REYHANLI, Turkey More than 2,800 Syrians fled across the border to Turkey from the region of Idlib on Thursday, a Turkish official said, more than double the highest previous one-day total.
The refugees all crossed close to the Turkish village of Bukulmez and more were waiting on the other side of the border, the official said. Forty-four minibuses ferried the arrivals from the border to a refugee camp at Reyhanli.
"The army is destroying buildings and bombing them till they turn to charcoal," said Mohammed Khatib, a refugee who said he came from Kastanaz, a Syrian town of 20,000 people.
"The army wants people to move out of their houses. If the residents refuse, they destroy them with the people inside."
He said he had crossed into Turkey after attacks on Kastanaz intensified, first from the air, then from ground troops.
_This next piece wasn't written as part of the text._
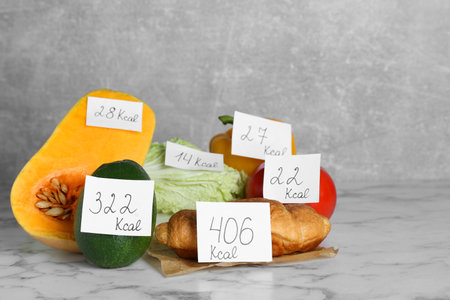 Food products with calorific value tags on white marble table. weight loss conceptの写真素材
"For the past three days there have been bodies lying in the streets. Around 200 have been killed. The town is now abandoned. It took us two days to get to Turkey with our women and children."
He said he had seen soldiers execute one man in front of his family.
Villagers on the Turkish side said they could hear the sounds of heavy fighting throughout the day.
The confirmed number of new refugees was the highest since March 15, when around 1,000 Syrians entered Turkey in one day.
A smaller, unknown number were also thought to have crossed on Thursday near Kilis, further north in the Turkish province of Gaziantep.
Turkish leaders have said a flood of refugees or massacres of civilians by Syrian troops near its border could force them to act to prevent a humanitarian disaster.
Turkish Prime Minister Tayyip Erdogan said last month that setting up a "safe" or "buffer" zone along the border was among the options his government was considering.
But that would mean sending in troops to secure the area, which could lead to confrontation between Syrian forces and the Turkish army, the second biggest in NATO.
Erdogan said again on Thursday that Assad had not been honest in the past about pledges to halt the fighting.
"We will see by what he does only after April 10 if he is being true and honest now," he said, referring to a deadline set by U.N.-Arab League envoy Kofi Annan for Syrian troops to withdraw from conflict cities and comply with his peace plan.
Khatib and other refugees said seven towns and villages had been attacked in the past two days: Hazzano, Kastanaz, Billish, Magara, Chillah, Zardenah and Killi.
Abu Isa, 28, from a village near Killi, said he had left home at around 11 a.m. and reached Turkey around sunset.
He said his village had come under fire from helicopters, and that he had seen one helicopter fire two rockets.
"There was indiscriminate firing," he said.
"The village is 80 percent empty. Some came to Turkey, some went to other villages."
He said the village of Hazzano, 2 km away, was three-quarters destroyed and its school and mosque were in ruins.
Abu Musa, a 36-year-old from the same village, said he had crossed with a group of 600-700 people.
He said they had been helped to cross the border, 20 km away, by the Free Syrian Army, the loosely organized armed opposition formed in response to Assad's crackdown on a peaceful uprising that began a year ago. One FSA soldier was killed, Musa said.